Perfectly mastering market timing can help you be more like investor B, but this is famously difficult even for the world’s leading experts. Fortunately, there is a very simple strategy to help mitigate the impact of bear markets while taking advantage of upside phases. All you have to do is invest regularly in small amounts rather than risk investing large sums of money at the worst possible moment and suffering from market downturns.

Investing regularly (e.g. €100 every month) effectively reduces risk, and means you don’t need to fret about getting the timing right. In a bull market, all your current investments benefit from the upswing. In a bear market, the securities you hold do lose value, but you can also purchase new ones at a reduced unit price.

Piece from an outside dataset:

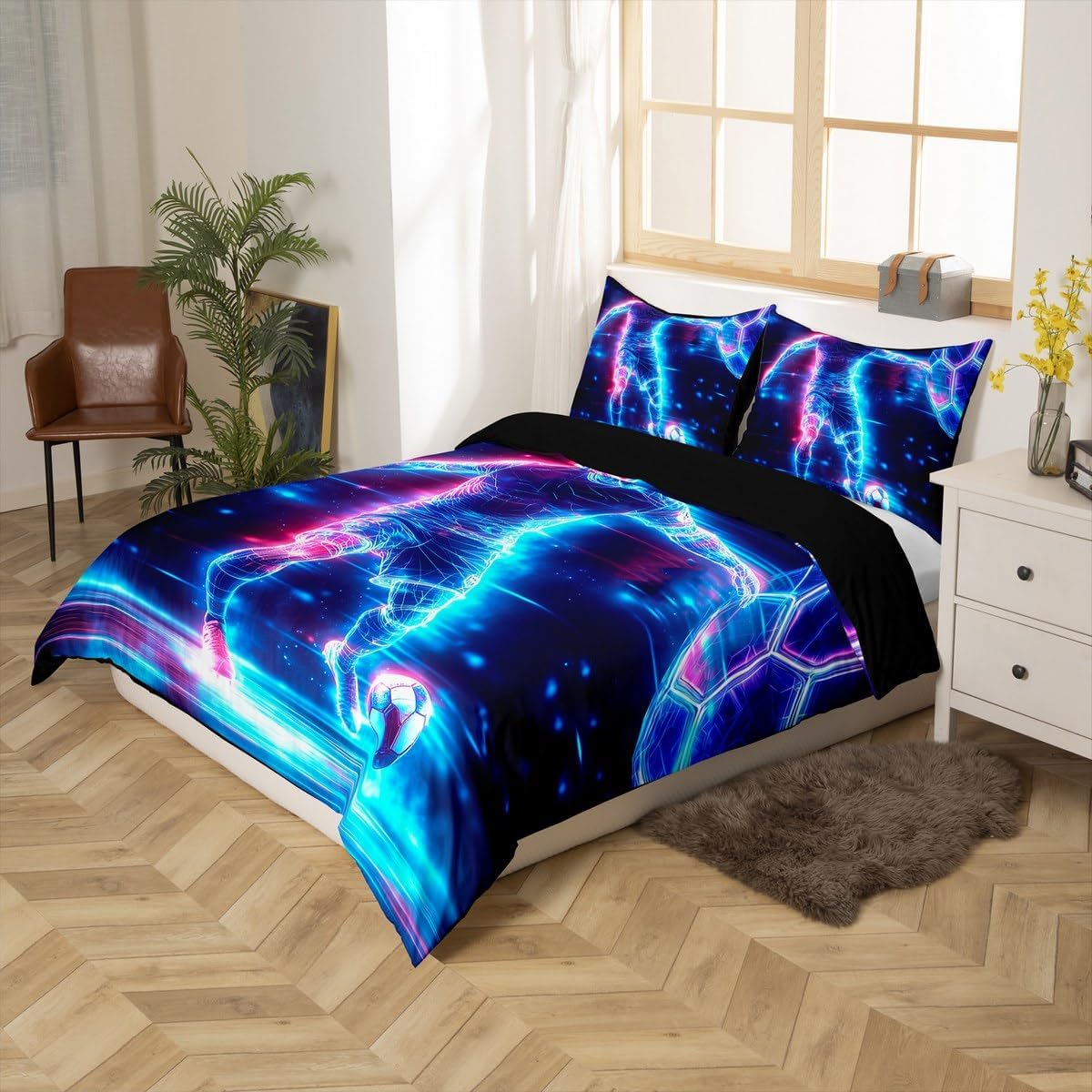 Soccer Player Duvet Cover,Kids Football Bedding Set,Neon Sports Soccer Comforter Cover for Boys Girls Room Decor,Cool Ball Games Bedspread Cover Twin Size with 1 Pillow Case(No Comforter)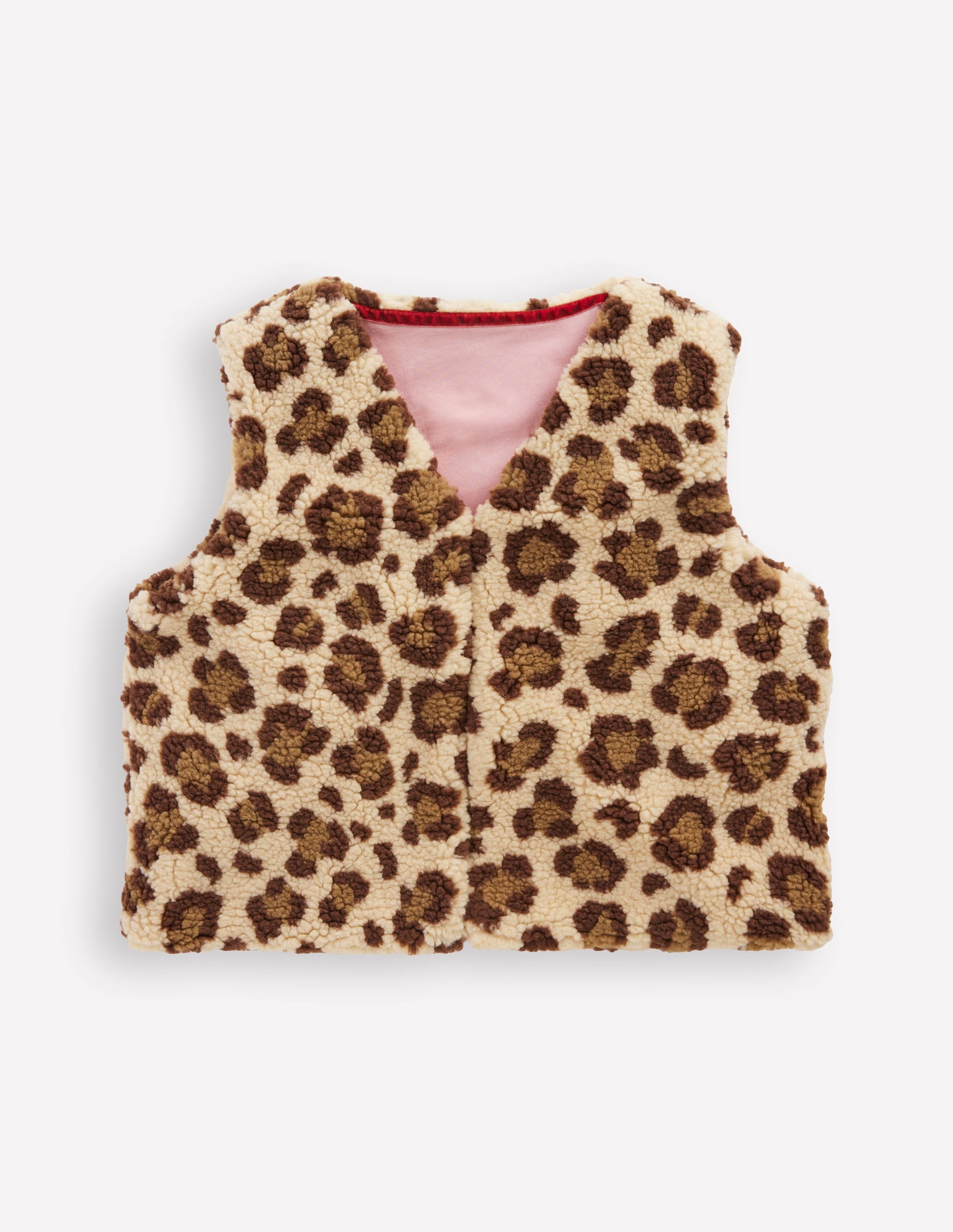 Lockere Teddyfellweste-Mohair, Leopardenmuster-1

We hope you now understand that, combined with a long-term investment outlook, regular instalments allow you to control risk while still generating significantly higher returns than conventional savings schemes or guaranteed investments.

Example (continued)

Let’s take another look at investor A and imagine that, instead of investing €50,000 once in 2007, they invested €5,000 at the end of July every year for 10 years. In this scenario, investor A suffered heavy losses only on the first €10,000 until the worst of the crisis passed in 2009. This means that 80% of the total amount was not impacted by this particularly rocky period. They may have not fared as well as investor B when they sold their shares on 31 July 2018, but they still ended up with €72,725 – making a 45.5% gain instead of a 10% loss (see Graph 2).

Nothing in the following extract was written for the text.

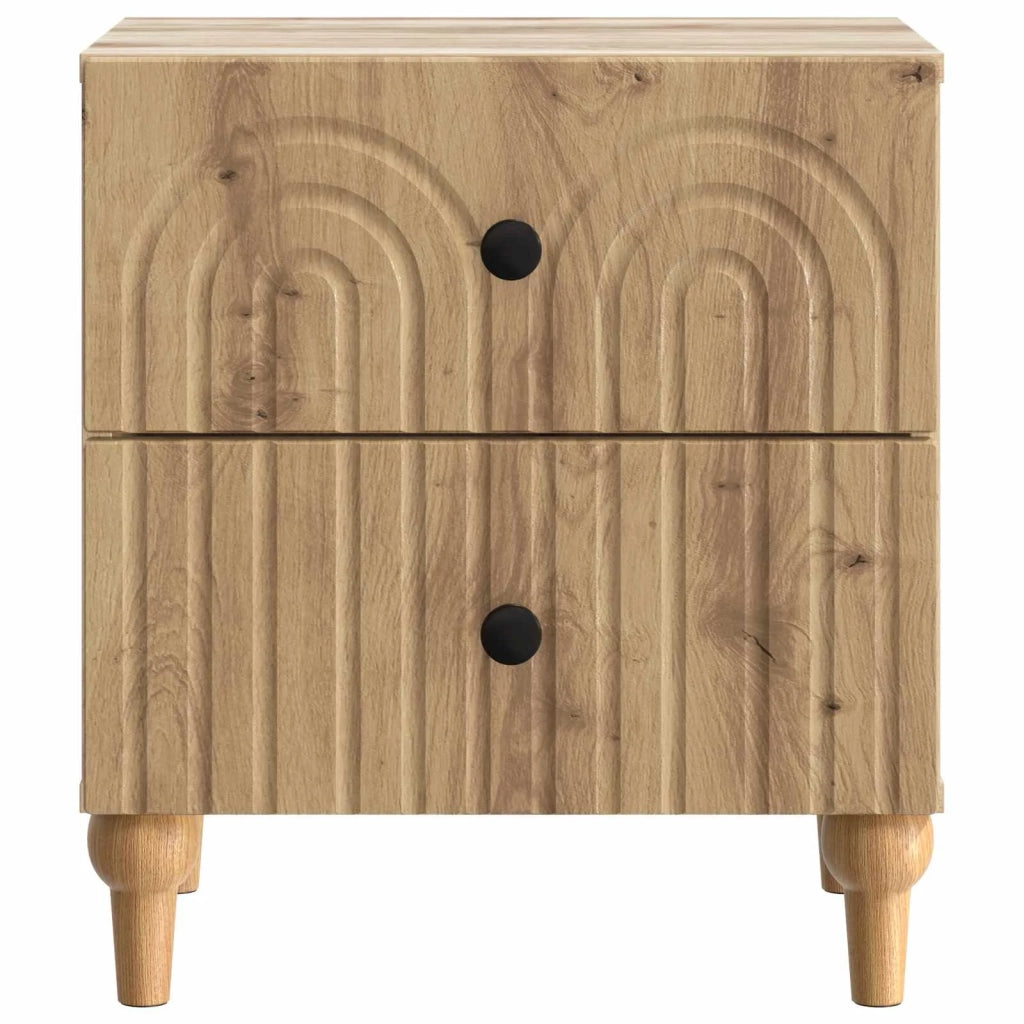 Set di 2 Comodini | Armadio da Notte | Mobiletto da notte Rovere Artigianale 43 x 34,5 x 48 cm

Graph 2 – Cumulative annual investment strategy
(investment of €5,000 once a year for 10 years)

Graph 2 legend: evolution over time of a €5,000 investment made in July every year for 10 years (see the graph for exact dates) on a tracker replicating the performance of the CAC 40 index, until the accumulated shares were sold on 31 July 2018. This graph shows how the investment performed based solely on changes in the CAC 40 index price (CAC 40 price, Euronext Paris stock exchange listing), independent of any charges or fees that may be linked to this investment. This graph is for illustration purposes only and does not constitute an offer to sell.

Following the same logic, investor A would have been better off investing €416.70 every month instead of making one €5,000 investment each July. As shown in Graph 3, they would have received €73,555 on 31 July 2018, a gain of 47.1%.

Graph 3 – Cumulative monthly investment strategy
(investment of €416.70/month for 120 months)

Graph 3 legend: evolution of an investment of €416.70 a month for 120 months, starting on July 2007, on a tracker replicating the performance of the CAC 40 index, until the accumulated shares were sold on 31 July 2018. This graph shows how the investment performed based solely on changes in the CAC 40 index price (CAC 40 price, Euronext Paris stock exchange listing), independent of any charges or fees that may be linked to this investment. This graph is for illustration purposes only and does not constitute an offer to sell.

Graph 4 below compares the three long-term investment strategies shown in the previous graphs.

Graph 4 – Summary of the investment strategies

Graph 4 legend: comparison of Graphs 1, 2 and 3 showing different investment strategies on a tracker replicating the performance of the CAC 40 index between 3 July 2007 and 31 July 2018. This graph shows how the investment strategies performed based solely on changes in the CAC 40 index price (CAC 40 price, Euronext Paris stock exchange listing), independent of any charges or fees that may be linked to these investments. This graph is for illustration purposes only and does not constitute an offer to sell.

We’ll let you decide whether the better yield prospects are worth the risks involved, and don’t forget that past performance is not a reliable indicator of future results. As our final piece of advice, we would like to stress the importance of seeking help from a professional, especially if you are taking your first steps into the world of investment. Good luck!